Les reproches tomberont un jour, mais pas maintenant. Pour l’heure, Eva était en plein tourment, à rêvasser d’un garçon quand elle se retrouvait seule, à grappiller chaque seconde passée avec lui lorsqu’elle le trouvait en ville ou qu’ils se donnaient un point de rendez-vous. L’aide et le soutien qu’elle lui avait offert dans sa rééducation les avait rapprochés, mais pas assez au goût de la jeune fille. Elle n’aimait pas le voir souffrir jusque dans ses os autrefois brisés, encore par moment, mais elle en profitait pour qu’il s’appuie sur elle, s’asseoir au bord d’un canal ou se balader en gondole, et ainsi mieux discuter.
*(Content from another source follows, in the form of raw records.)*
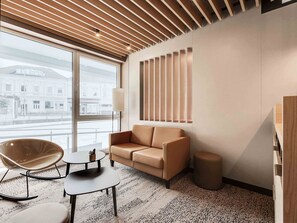 A modern living room with a sofa, a rocking chair, a small table, and a lamp. - B&B Hotel Oldenburg (Oldenburg)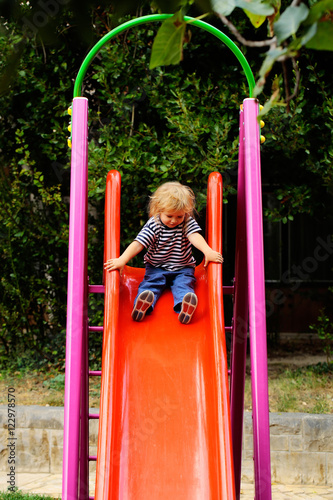 Cute baby boy on slide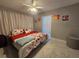 Relaxing bedroom with modern ceiling fan, vibrant floral bedding, and bright natural light at 858 Conreid Ne Dr, Port Charlotte, FL 33952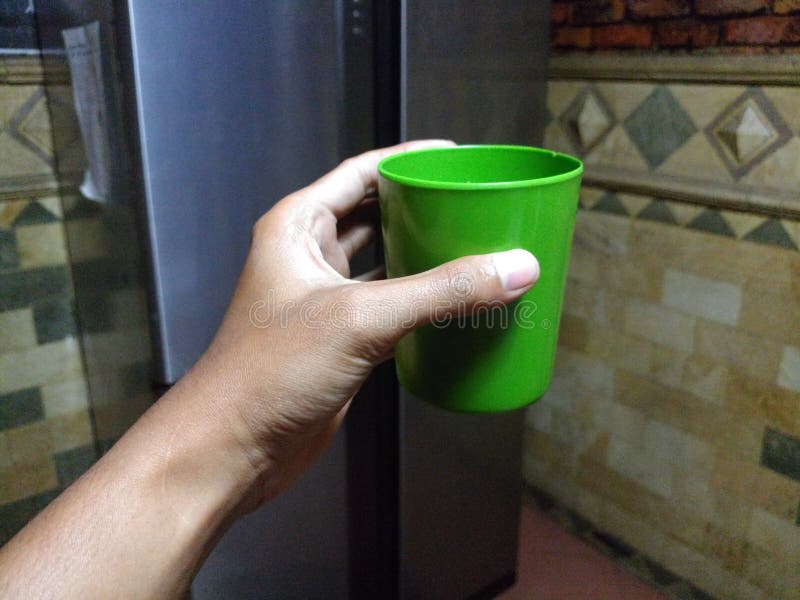 Plastic cup hold by hand stock image. Image of hold 152511079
Au fil des jours, Eva se fit à l’idée qu’elle était sérieusement accrochée à ce garçon… et se mit en tête de le séduire. Le fait était que Luciano n’envoyait aucun signal et la laissait dubitative. Habituellement, les garçons étaient très clairs avec elle ou se croyaient subtils. Soit Luciano était plus doué pour camoufler son intérêt, soit il n’était pas intéressé par elle. La seconde option déplaisait fortement à Eva, et elle n’était pas du genre à laisser tomber pour des doutes.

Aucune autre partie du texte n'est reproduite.